■ Task to carry out:
From the first line of the data below, repeat each line exactly until you reach the line with "American Art Deco"; include that line too.

(Crawled caption data)
# # # # # # #

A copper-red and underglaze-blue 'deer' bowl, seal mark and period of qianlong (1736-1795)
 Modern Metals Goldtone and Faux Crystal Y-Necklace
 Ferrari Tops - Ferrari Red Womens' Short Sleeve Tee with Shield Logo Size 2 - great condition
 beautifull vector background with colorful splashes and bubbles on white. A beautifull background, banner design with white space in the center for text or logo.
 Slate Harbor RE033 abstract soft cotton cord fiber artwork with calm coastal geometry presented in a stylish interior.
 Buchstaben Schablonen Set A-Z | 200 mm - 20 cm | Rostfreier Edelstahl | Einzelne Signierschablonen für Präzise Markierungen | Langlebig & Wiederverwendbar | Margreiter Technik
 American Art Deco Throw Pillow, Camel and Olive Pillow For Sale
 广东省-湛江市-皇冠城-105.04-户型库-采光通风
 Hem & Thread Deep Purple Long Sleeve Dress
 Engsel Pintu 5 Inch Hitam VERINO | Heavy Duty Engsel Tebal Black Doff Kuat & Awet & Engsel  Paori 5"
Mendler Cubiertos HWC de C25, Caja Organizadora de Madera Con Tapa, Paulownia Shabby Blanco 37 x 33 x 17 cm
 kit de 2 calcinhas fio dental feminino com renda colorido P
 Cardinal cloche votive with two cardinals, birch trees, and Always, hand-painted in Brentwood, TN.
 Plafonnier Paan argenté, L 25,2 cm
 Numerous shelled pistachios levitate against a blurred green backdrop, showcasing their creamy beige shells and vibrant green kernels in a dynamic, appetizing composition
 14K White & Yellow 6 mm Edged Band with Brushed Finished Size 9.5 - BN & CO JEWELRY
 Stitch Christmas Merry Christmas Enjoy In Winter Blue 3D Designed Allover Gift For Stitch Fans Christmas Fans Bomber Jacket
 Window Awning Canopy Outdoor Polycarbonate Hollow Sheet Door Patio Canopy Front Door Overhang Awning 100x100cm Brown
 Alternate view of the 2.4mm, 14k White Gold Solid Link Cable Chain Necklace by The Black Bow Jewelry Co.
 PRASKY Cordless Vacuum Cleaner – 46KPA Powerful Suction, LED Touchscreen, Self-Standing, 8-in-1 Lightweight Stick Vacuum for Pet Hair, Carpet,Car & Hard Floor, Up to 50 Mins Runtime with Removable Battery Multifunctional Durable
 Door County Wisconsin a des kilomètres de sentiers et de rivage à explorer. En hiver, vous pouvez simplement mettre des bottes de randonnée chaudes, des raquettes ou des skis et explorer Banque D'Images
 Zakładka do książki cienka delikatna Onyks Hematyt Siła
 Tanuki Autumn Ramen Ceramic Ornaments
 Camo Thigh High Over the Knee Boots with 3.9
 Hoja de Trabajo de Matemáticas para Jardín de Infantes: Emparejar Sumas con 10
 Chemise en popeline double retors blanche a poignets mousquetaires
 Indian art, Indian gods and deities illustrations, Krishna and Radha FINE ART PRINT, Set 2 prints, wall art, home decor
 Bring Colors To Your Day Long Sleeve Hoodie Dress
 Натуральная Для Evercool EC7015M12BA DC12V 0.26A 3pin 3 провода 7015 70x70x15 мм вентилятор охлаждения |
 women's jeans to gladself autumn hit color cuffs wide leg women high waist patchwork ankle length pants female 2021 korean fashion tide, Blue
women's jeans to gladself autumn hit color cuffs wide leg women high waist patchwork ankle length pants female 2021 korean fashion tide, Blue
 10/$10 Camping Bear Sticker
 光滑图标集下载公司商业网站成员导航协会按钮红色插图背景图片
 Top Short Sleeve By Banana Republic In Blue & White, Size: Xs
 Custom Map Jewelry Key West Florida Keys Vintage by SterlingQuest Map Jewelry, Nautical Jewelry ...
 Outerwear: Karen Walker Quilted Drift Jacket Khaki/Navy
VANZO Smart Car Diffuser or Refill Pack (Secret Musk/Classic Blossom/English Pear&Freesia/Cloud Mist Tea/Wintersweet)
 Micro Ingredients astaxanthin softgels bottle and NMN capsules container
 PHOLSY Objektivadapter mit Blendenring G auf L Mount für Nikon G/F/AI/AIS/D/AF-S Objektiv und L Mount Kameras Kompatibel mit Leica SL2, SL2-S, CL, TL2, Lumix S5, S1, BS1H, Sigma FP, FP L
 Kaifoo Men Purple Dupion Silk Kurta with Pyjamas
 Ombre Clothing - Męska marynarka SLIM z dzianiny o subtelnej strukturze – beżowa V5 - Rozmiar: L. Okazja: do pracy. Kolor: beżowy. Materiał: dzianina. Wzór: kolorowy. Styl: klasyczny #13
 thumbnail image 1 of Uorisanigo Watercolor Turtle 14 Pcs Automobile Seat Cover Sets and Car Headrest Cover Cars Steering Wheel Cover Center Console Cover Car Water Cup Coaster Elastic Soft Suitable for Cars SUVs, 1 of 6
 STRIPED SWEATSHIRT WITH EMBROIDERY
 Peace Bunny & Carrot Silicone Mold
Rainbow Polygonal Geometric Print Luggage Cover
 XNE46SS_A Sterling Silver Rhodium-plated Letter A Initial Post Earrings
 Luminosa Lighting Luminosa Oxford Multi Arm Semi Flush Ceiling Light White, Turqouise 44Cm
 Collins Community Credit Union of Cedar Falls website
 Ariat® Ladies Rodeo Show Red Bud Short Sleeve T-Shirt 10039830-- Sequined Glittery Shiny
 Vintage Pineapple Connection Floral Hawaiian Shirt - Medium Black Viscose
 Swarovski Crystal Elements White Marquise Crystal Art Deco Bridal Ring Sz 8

# # # # # # #

■ Finished task:
A copper-red and underglaze-blue 'deer' bowl, seal mark and period of qianlong (1736-1795)
 Modern Metals Goldtone and Faux Crystal Y-Necklace
 Ferrari Tops - Ferrari Red Womens' Short Sleeve Tee with Shield Logo Size 2 - great condition
 beautifull vector background with colorful splashes and bubbles on white. A beautifull background, banner design with white space in the center for text or logo.
 Slate Harbor RE033 abstract soft cotton cord fiber artwork with calm coastal geometry presented in a stylish interior.
 Buchstaben Schablonen Set A-Z | 200 mm - 20 cm | Rostfreier Edelstahl | Einzelne Signierschablonen für Präzise Markierungen | Langlebig & Wiederverwendbar | Margreiter Technik
 American Art Deco Throw Pillow, Camel and Olive Pillow For Sale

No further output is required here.